As I said in the previous post, I wanted to add ZMBV support to NihAV, mostly because it is rather simple codec (which means I can write a decoder and an encoder for it without spending too much time), it’s lossless and supports various bit-depths too (which means I can encode various content into it preserving the original format).

I still had to improve my deflate support (both decompressing and compressing) a bit to support the way the data is stored there. At least now I mostly understand what various flags are for.

First of all, by itself deflate format specifies just a bitstream split into blocks of data that may contain any amount of coded data. And these blocks start at the next bit after the previous block has ended, no byte aligning except by chance or after a copy block (which aligns bitstream before storing length and block contents).

Then, there is raw format used in various formats (like Zip or gzip) and there’s zlib format used for most cases data is stored as part of some other format (that means you have two initial bytes like 0x78 0x5E and 2×2 bytes of checksum in the end).

So, ZMBV uses unterminated stream format: first frame contains zlib header plus one or several blocks of data padded with an empty copy block to the byte limit, next frame contains continuation of that stream (also one or more blocks padded to the byte boundary) and so on. This is obviously done so you can decode frames one after another and still exploit the redundancy from the previously coded frame data if you’re lucky.

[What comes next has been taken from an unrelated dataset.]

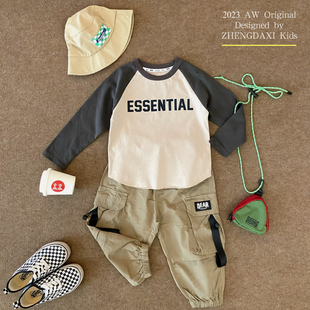 郑大喜kid日系男童长袖 T恤纯棉男宝宝插肩圆领体恤休闲套头上衣T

Normally you would start decoding data and keep decoding it until the final block (there’s a flag in block header for that) has been decoded—or error out earlier for insufficient data. In this case though we need to decode data block, check if we are at the end of input data and then return the decoded data. Similarly during data compression we need to encode all current data and pad output stream to the byte boundary if needed.

This is not hard or particularly tricky but it demonstrates that deflated data can be stored in different ways. At least now I really understand what that Z_SYNC_FLUSH flag is for.